Somerville was a lifelong member of the Church of England in Canada (now the Anglican Church of Canada). He was a Church Warden of the Cathedral Church of St. James in Toronto from 1977 to 1980.

==Education==
Somerville attended the Collingwood Collegiate Institute in Collingwood, Ontario, graduating in 1939. He then attended Trinity College at the University of Toronto, graduating with a Bachelor of Arts in 1943. He interrupted his education to serve in the Canadian Armed Forces during World War II. Upon his return to Canada, he studied law at Osgoode Hall Law School, graduating with a Bachelor of Laws in 1948.

==Military career==
After graduating from Trinity College in 1943, during World War II, Somerville volunteered for the Canadian Armed Forces. He was commissioned as a lieutenant in the Canadian Army, initially posted to the Royal Canadian Artillery. He was later transferred to the Royal Canadian Intelligence Corps. In 1944 he was seconded to the United States Army and assigned to the United States Military Intelligence Corps in Washington, D.C. He went through an intensive course to learn Japanese and served with the United States Army as part of the occupation forces in Japan. He returned to Canada in 1946.

==Legal career==
Somerville articled with the firm of Fennell McLean & Davis. He eventually joined the firm of Borden & Elliott, where he stayed for the rest of legal career. He made partner in 1956, and was chairman of the firm from 1980 to 1990. Upon retiring in 1992, the firm made him Chairman Emeritus of their Toronto office.

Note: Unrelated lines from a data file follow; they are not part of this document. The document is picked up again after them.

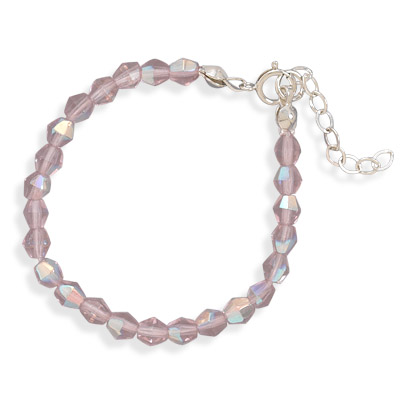 5\" + 1\" Extension Pink Czech Glass Bead Bracelet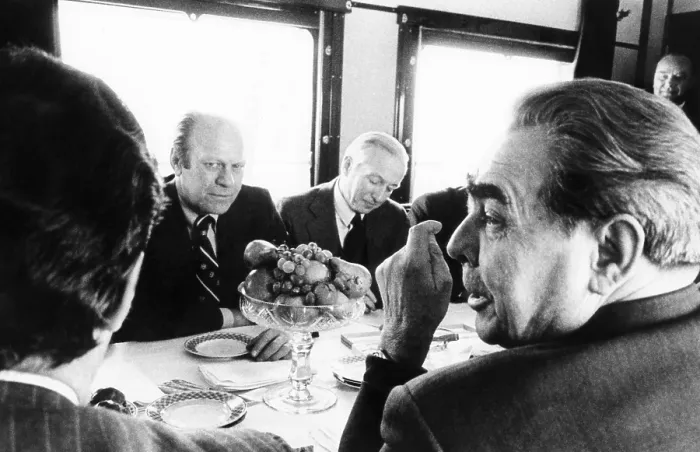 Framed Print : President Ford meets with Leonid Brezhnev and others aboard a Russian train to Vladivostok. Next to President Ford is Walter Stoessel, U.S. Ambassador to the Soviet Union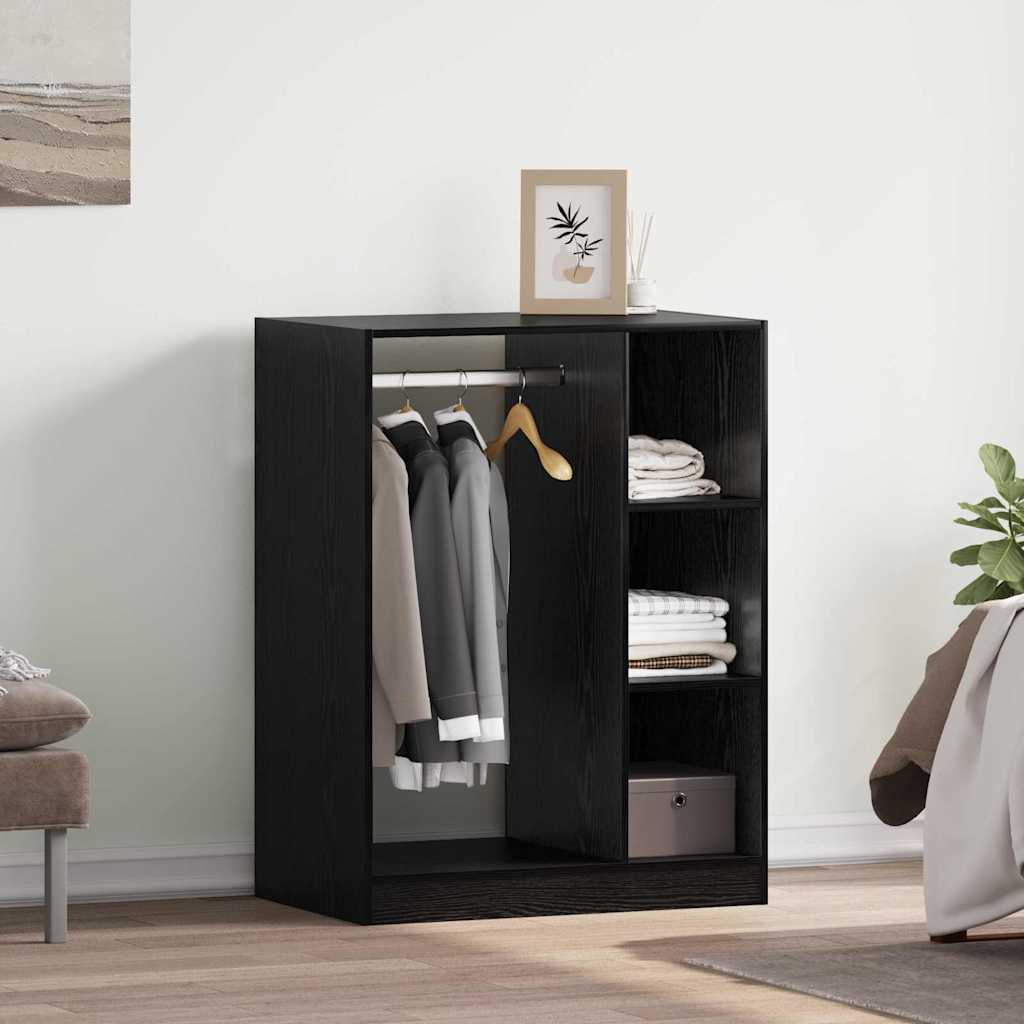 JUNG Vida Kleiderschrank mit Regal Schwarz Eichen-Optik 77 x 48 x 102 cm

Somerville developed a strong reputation as a barrister, including arguing several cases before the Supreme Court of Canada. He was also remembered by his colleagues at Borden & Elliott as a caring mentor to younger lawyers and a strong leader within the firm.

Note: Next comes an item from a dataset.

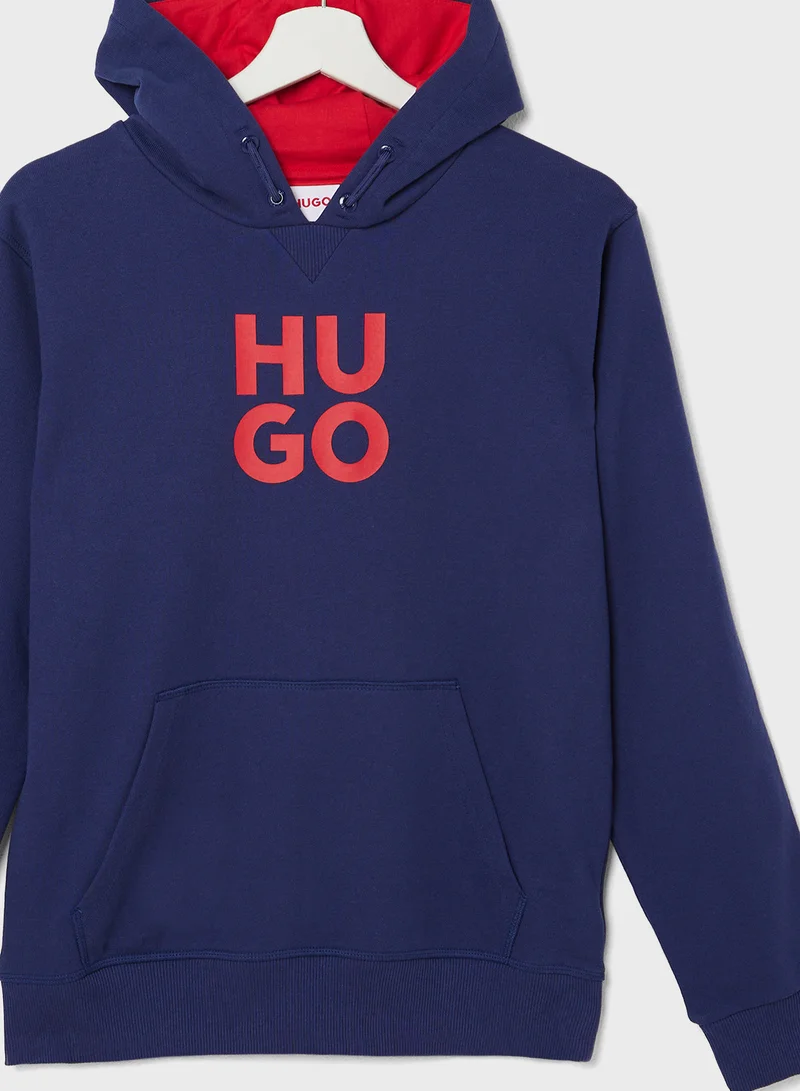 هوجو Kids Logo Hoodie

As well as his legal practice, Somerville was active in business and was a director of various corporations, including Eastern Utilities Ltd., and Hilti (Canada). He was chairman of the Canadian board of Norwich Union Life Insurance Company from 1970 to 1993. He was also a member of the Corporation of Trinity College from 1955 to 1995.

==Professional bodies==
In addition to his legal practice, Somerville was active in a number of professional associations. He was a member of the Canadian Bar Association, serving as president of the Ontario Bar Association from 1969 to 1970, and as national president from 1974 to 1975. In addition to being a founding member of the Advocates' Society of Ontario, he was also a member of the International Association of Defense Counsel and the American Bar Association. He was a Fellow of the American College of Trial Lawyers, including being chairman of the College's Canadian-U.S. Committee in 1988. He was also a Governor of the Canadian Institute for Advanced Legal Studies.

==Later life and death==
Somerville died peacefully on June 10, 2009, after a long illness. He was survived by his wife, Mary, his five children, and several grandchildren, and predeceased by his brother John. His funeral service was held at the Cathedral Church of St. James on June 18, 2009.

==Honours==
- 1960 - Appointed Queen's Counsel by the Province of Ontario.
- 1974 - Fellow of the American College of Trial Lawyers.
- 1992 - Appointed Chairman Emeritus of the Toronto office of Borden & Elliott.